• **Material for the task**:

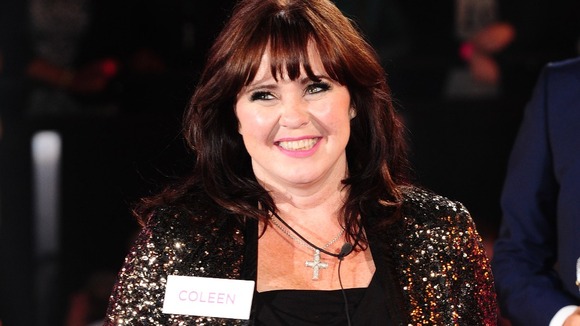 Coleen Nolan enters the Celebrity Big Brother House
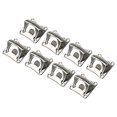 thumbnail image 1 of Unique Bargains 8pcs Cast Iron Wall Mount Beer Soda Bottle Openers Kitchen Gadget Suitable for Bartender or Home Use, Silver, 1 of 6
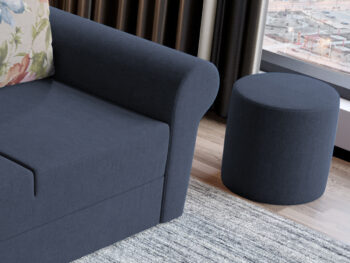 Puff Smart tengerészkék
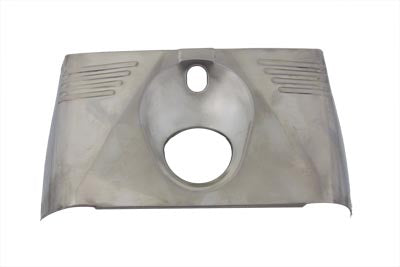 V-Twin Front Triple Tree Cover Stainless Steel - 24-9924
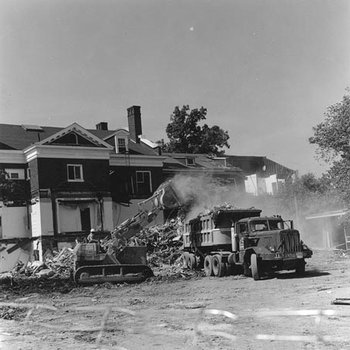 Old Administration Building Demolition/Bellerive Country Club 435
* * *
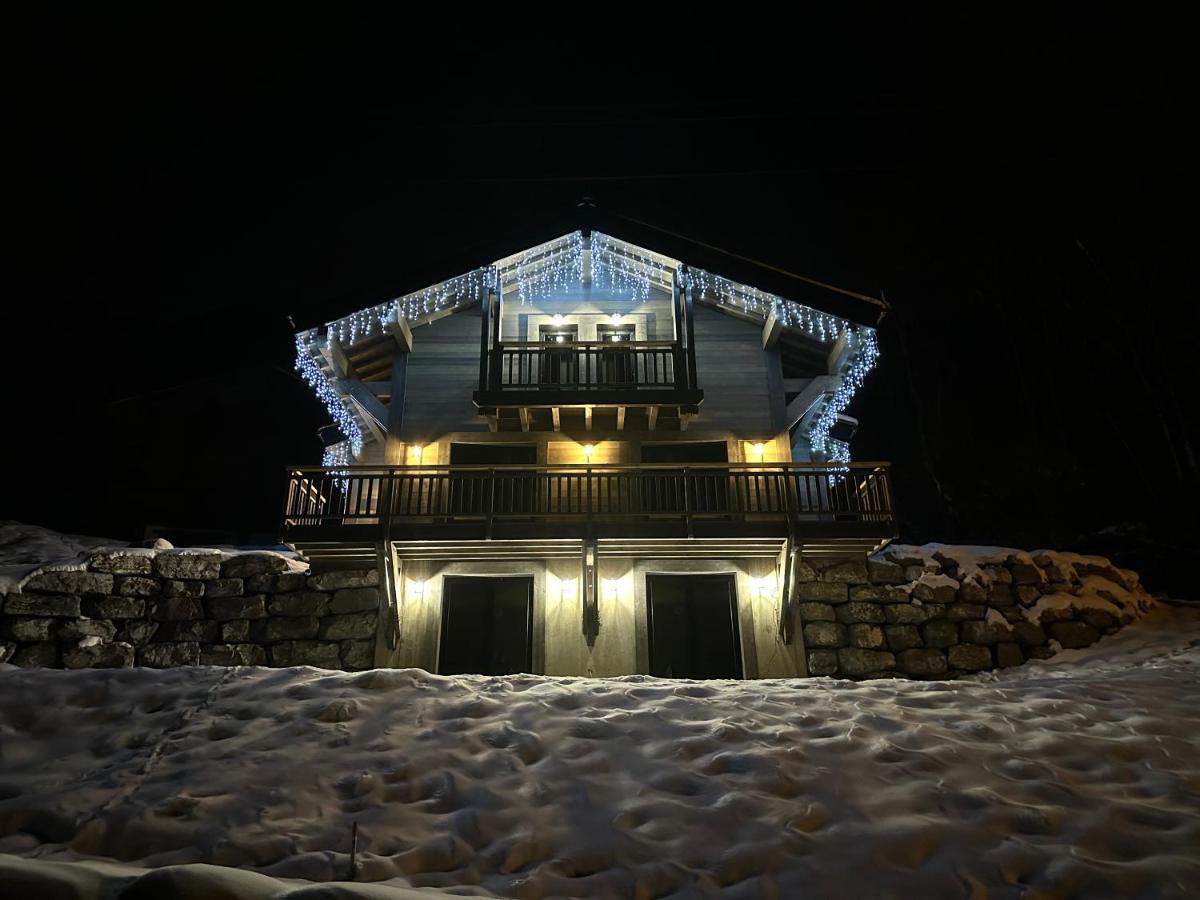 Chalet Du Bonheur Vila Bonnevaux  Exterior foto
---
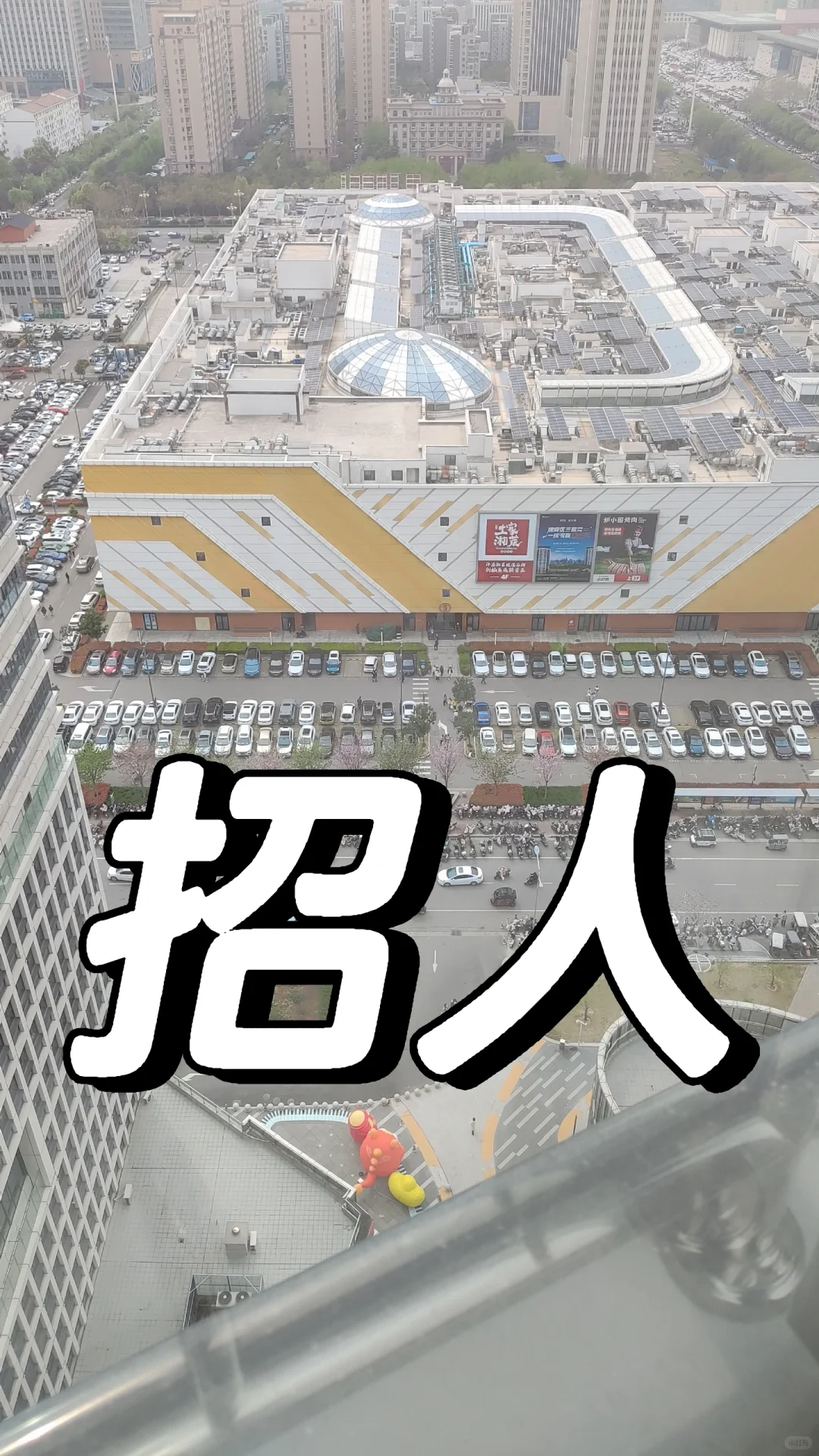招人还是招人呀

• **Activity**: Exactly the lines starting at the one above with "Coleen Nolan enters" and ending at the one with "Old Administration Building" should be printed, and nothing else. Omit the pictures.

• **Response below**:
 Coleen Nolan enters the Celebrity Big Brother House
 thumbnail image 1 of Unique Bargains 8pcs Cast Iron Wall Mount Beer Soda Bottle Openers Kitchen Gadget Suitable for Bartender or Home Use, Silver, 1 of 6
 Puff Smart tengerészkék
 V-Twin Front Triple Tree Cover Stainless Steel - 24-9924
 Old Administration Building Demolition/Bellerive Country Club 435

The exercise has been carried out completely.